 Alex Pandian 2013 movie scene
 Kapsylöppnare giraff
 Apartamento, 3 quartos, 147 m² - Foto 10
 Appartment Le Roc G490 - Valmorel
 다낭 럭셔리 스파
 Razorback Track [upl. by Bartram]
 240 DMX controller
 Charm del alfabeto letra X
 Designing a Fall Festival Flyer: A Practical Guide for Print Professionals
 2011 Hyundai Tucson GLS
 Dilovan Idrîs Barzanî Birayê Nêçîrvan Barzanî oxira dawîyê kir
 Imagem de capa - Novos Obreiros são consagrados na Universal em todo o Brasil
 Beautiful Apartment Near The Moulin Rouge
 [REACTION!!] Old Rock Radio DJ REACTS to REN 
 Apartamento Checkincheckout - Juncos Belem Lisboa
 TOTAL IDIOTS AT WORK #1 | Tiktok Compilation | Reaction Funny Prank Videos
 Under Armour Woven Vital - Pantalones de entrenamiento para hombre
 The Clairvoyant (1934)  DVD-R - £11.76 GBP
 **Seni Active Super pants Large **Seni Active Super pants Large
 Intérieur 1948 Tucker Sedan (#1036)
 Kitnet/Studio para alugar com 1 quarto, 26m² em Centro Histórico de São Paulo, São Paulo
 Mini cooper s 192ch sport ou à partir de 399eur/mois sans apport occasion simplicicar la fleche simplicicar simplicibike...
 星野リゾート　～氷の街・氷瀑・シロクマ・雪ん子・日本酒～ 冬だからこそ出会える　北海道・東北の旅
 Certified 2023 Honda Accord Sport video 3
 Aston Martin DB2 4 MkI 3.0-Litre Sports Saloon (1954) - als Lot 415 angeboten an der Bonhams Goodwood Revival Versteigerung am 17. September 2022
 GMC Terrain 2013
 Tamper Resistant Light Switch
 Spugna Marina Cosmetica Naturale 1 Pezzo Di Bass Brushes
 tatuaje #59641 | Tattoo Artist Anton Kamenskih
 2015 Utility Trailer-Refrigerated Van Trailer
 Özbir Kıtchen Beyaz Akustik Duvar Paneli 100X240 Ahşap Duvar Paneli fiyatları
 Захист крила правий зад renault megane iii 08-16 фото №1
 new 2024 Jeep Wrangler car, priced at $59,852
==*==
## Goal of the exercise:
Please give again the lines above between the line holding "Designing a Fall" and the line holding "Under Armour Woven", inclusive, exactly as they are and with nothing added.

## Answer section:
 Designing a Fall Festival Flyer: A Practical Guide for Print Professionals
 2011 Hyundai Tucson GLS
 Dilovan Idrîs Barzanî Birayê Nêçîrvan Barzanî oxira dawîyê kir
 Imagem de capa - Novos Obreiros são consagrados na Universal em todo o Brasil
 Beautiful Apartment Near The Moulin Rouge
 [REACTION!!] Old Rock Radio DJ REACTS to REN 
 Apartamento Checkincheckout - Juncos Belem Lisboa
 TOTAL IDIOTS AT WORK #1 | Tiktok Compilation | Reaction Funny Prank Videos
 Under Armour Woven Vital - Pantalones de entrenamiento para hombre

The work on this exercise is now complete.